Enterprise IT pros should get ready for Kubernetes storage tools, as the Cloud Native Computing Foundation seeks...
ways to support stateful applications.
The Cloud Native Computing Foundation (CNCF) began its quest to develop container storage products this week when it approved an inception-level project called Rook, which connects Kubernetes orchestration to the Ceph distributed file system through the Kubernetes operator API.
The Rook project's approval illustrates the CNCF's plans to emphasize Kubernetes storage.

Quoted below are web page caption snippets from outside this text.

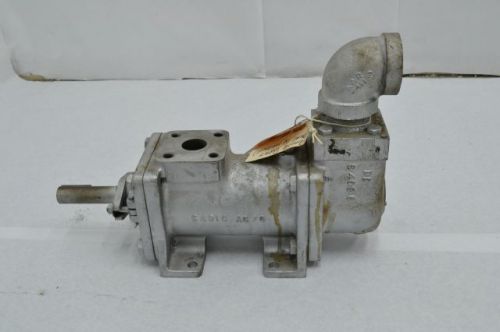 Delaval 3dfx187 hydraulic 2in inlet npt 1-1/8in shaft rotor gear pump b200919 for sale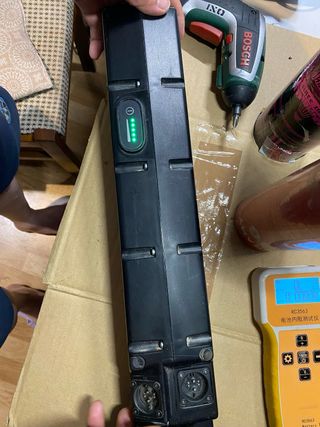 Reparación de batería de litio de 36 V y 17,5 Ah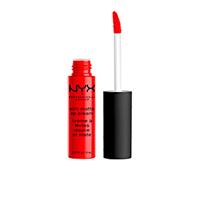 NYX Professional Makeup SOFT MATTE lip cream #amsterdam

"It's going to be a big year for storage in Kubernetes, because the APIs are a little bit more solidified now," said CNCF COO Chris Aniszczyk. The operator API and a Container Storage Interface API were released in the alpha stage with Kubernetes 1.9 in December. "[The CNCF technical board is] saying that the Kubernetes operator API is the way to go in [distributed container] storage," he said.
Rook project gave Prometheus a seat on HBO's Iron Throne
HBO wanted to deploy Prometheus for Kubernetes monitoring, and it ideally would have run the time-series database application on containers within the Kubernetes cluster, but that didn't work well with cloud providers' persistent storage volumes.
"You always have to do this careful coordination to make sure new containers only get created in the same availability zone. And if that entire availability zone goes away, you're kind of out of luck," said Illya Chekrygin, who directed HBO's implementation of containers as a senior staff engineer in 2017. "That was a painful experience in terms of synchronization."
Moreover, when containers that ran stateful apps were killed and restarted in different nodes of the Kubernetes cluster, it took too long to unmount, release and remount their attached storage volumes, Chekrygin said.
Rook was an early conceptual project in GitHub at that time, but HBO engineers put it into a test environment to support Prometheus. Rook uses a storage overlay that runs within the Kubernetes cluster and configures the cluster nodes' available disk space as a giant pool of resources, which is in line with how Kubernetes handles CPU and memory resources.
Rather than synchronize data across multiple specific storage volumes or locations, Rook uses the Ceph distributed file system to stripe the data across multiple machines and clusters and to create multiple copies of data for high availability. That overcomes the data synchronization problem, and it avoids the need to unmount and remount external storage volumes.
"It's using existing cluster disk configurations that are already there, so nothing has to be mounted and unmounted," Chekrygin said. "You avoid external storage resources to begin with."
At HBO, a mounting and unmounting process that took up to an hour was reduced to two seconds, which was suitable for the Kubernetes monitoring system in Prometheus that scraped telemetry data from the cluster every 10 to 30 seconds.
However, Rook never saw production use at HBO, which, by policy, doesn't put prerelease software into production. Instead, Chekrygin and his colleagues set up an external Prometheus instance that received a relay of monitoring data from an agent inside the Kubernetes cluster. That worked, but it required an extra network hop for data and made Prometheus management more complex.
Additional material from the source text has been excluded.